= Exercise input =
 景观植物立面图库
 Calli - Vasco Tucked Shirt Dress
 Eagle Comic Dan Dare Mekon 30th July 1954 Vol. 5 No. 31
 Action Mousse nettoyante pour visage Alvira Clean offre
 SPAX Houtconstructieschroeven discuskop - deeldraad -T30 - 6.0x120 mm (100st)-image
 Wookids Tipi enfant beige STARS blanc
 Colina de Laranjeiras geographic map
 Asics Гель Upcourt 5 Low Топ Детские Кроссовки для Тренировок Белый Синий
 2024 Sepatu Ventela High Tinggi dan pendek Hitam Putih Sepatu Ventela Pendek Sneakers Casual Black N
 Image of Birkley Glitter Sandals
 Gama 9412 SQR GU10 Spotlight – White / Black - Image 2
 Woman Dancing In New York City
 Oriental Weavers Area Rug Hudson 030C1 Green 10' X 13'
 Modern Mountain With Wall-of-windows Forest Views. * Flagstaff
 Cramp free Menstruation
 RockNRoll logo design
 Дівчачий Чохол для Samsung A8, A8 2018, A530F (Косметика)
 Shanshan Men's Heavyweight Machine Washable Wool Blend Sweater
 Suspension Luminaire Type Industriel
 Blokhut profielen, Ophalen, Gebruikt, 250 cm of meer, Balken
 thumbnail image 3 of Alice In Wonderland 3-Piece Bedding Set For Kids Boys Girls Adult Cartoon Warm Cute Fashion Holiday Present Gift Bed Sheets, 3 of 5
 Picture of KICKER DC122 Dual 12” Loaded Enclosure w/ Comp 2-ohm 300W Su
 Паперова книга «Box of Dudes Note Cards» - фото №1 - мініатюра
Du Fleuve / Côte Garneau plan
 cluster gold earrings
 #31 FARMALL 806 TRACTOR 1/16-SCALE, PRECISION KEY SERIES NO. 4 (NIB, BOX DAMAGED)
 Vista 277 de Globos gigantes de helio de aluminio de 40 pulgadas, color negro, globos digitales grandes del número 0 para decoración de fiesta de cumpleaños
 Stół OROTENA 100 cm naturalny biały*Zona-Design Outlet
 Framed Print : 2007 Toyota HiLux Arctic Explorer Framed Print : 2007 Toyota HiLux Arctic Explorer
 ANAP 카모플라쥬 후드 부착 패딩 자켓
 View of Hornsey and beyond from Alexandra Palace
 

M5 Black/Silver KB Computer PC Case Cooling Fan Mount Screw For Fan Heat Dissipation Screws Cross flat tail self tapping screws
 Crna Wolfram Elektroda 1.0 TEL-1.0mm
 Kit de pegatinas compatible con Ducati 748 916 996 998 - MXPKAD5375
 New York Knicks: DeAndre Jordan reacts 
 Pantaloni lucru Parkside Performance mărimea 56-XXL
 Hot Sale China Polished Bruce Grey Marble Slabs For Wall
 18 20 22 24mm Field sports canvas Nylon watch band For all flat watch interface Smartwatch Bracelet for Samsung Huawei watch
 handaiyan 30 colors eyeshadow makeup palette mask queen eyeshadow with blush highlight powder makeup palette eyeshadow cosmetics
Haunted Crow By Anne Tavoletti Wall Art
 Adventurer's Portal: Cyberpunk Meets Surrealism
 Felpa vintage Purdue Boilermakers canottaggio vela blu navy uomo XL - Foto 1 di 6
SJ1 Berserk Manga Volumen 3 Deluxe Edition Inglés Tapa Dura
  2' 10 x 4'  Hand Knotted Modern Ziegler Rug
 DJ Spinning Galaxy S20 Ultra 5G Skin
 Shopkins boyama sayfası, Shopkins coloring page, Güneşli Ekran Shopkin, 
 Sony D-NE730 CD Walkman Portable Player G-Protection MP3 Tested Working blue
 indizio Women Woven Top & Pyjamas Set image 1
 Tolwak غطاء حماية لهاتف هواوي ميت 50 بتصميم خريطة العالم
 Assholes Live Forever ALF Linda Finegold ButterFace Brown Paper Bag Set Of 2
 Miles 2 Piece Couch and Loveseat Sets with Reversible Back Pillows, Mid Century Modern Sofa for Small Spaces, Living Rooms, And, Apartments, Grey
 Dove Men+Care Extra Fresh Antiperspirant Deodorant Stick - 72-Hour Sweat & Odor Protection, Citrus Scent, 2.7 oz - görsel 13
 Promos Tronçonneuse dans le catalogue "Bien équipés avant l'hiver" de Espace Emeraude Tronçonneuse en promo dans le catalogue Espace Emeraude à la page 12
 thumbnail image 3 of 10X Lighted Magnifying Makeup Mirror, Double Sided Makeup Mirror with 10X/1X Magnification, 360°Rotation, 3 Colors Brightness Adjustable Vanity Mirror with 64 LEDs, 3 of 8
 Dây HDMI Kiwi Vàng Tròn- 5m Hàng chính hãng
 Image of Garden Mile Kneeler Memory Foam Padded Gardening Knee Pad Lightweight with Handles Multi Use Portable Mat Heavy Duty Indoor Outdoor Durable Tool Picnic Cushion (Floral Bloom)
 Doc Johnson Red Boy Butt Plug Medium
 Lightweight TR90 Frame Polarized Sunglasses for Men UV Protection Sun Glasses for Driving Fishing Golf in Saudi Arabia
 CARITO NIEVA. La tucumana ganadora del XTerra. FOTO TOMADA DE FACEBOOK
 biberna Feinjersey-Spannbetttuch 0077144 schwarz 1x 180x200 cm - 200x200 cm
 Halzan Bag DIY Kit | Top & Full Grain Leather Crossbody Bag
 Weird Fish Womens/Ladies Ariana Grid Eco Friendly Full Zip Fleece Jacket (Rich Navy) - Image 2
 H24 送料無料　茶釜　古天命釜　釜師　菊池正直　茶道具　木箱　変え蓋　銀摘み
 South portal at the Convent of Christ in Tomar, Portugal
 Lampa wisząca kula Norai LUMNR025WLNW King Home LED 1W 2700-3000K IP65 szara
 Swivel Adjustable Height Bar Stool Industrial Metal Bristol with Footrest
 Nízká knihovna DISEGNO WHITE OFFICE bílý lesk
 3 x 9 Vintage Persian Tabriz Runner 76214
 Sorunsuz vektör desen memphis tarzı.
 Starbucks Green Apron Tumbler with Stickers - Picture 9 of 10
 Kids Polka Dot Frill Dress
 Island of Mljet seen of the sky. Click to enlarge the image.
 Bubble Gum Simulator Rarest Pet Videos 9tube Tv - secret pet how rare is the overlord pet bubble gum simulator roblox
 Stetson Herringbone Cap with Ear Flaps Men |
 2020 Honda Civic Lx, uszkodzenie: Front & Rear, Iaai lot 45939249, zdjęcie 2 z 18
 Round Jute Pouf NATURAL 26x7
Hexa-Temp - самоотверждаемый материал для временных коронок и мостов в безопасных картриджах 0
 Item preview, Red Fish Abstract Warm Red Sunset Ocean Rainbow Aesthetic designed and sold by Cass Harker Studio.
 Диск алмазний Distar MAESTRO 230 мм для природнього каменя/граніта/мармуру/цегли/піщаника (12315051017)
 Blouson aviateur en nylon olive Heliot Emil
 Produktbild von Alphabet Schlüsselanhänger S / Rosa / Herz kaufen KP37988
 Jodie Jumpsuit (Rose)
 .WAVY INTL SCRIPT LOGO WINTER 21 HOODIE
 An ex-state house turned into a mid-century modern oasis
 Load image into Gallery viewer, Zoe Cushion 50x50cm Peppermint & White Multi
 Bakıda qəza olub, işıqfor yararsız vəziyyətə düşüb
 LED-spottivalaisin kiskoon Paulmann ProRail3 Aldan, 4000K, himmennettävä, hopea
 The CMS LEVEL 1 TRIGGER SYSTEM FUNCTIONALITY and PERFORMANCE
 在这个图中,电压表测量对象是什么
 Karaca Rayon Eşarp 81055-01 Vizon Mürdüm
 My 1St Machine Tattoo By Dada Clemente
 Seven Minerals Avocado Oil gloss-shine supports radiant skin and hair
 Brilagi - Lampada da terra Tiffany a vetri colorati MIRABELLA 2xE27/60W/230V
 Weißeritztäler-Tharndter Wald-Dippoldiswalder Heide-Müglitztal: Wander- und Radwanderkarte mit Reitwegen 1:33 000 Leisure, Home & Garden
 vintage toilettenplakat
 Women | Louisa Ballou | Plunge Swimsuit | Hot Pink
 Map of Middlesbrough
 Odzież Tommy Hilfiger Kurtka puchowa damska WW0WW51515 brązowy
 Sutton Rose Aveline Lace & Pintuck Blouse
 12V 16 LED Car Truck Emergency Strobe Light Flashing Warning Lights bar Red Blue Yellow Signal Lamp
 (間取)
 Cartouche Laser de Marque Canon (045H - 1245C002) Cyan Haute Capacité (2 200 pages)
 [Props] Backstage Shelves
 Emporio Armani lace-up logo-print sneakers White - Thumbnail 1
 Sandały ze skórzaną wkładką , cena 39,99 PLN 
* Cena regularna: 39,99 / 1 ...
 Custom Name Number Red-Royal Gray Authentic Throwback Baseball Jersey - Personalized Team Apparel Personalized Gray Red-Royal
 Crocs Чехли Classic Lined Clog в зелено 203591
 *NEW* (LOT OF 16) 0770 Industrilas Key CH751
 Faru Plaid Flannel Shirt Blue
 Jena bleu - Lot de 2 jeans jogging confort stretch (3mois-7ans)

= Problem statement =
Word for word, restate the lines of the listing above starting at the line with "New York Knicks: DeAndre Jordan reacts" and ending at the line with "Promos Tronçonneuse dans", and nothing outside them.

= Response below =
 New York Knicks: DeAndre Jordan reacts 
 Pantaloni lucru Parkside Performance mărimea 56-XXL
 Hot Sale China Polished Bruce Grey Marble Slabs For Wall
 18 20 22 24mm Field sports canvas Nylon watch band For all flat watch interface Smartwatch Bracelet for Samsung Huawei watch
 handaiyan 30 colors eyeshadow makeup palette mask queen eyeshadow with blush highlight powder makeup palette eyeshadow cosmetics
Haunted Crow By Anne Tavoletti Wall Art
 Adventurer's Portal: Cyberpunk Meets Surrealism
 Felpa vintage Purdue Boilermakers canottaggio vela blu navy uomo XL - Foto 1 di 6
SJ1 Berserk Manga Volumen 3 Deluxe Edition Inglés Tapa Dura
  2' 10 x 4'  Hand Knotted Modern Ziegler Rug
 DJ Spinning Galaxy S20 Ultra 5G Skin
 Shopkins boyama sayfası, Shopkins coloring page, Güneşli Ekran Shopkin, 
 Sony D-NE730 CD Walkman Portable Player G-Protection MP3 Tested Working blue
 indizio Women Woven Top & Pyjamas Set image 1
 Tolwak غطاء حماية لهاتف هواوي ميت 50 بتصميم خريطة العالم
 Assholes Live Forever ALF Linda Finegold ButterFace Brown Paper Bag Set Of 2
 Miles 2 Piece Couch and Loveseat Sets with Reversible Back Pillows, Mid Century Modern Sofa for Small Spaces, Living Rooms, And, Apartments, Grey
 Dove Men+Care Extra Fresh Antiperspirant Deodorant Stick - 72-Hour Sweat & Odor Protection, Citrus Scent, 2.7 oz - görsel 13
 Promos Tronçonneuse dans le catalogue "Bien équipés avant l'hiver" de Espace Emeraude Tronçonneuse en promo dans le catalogue Espace Emeraude à la page 12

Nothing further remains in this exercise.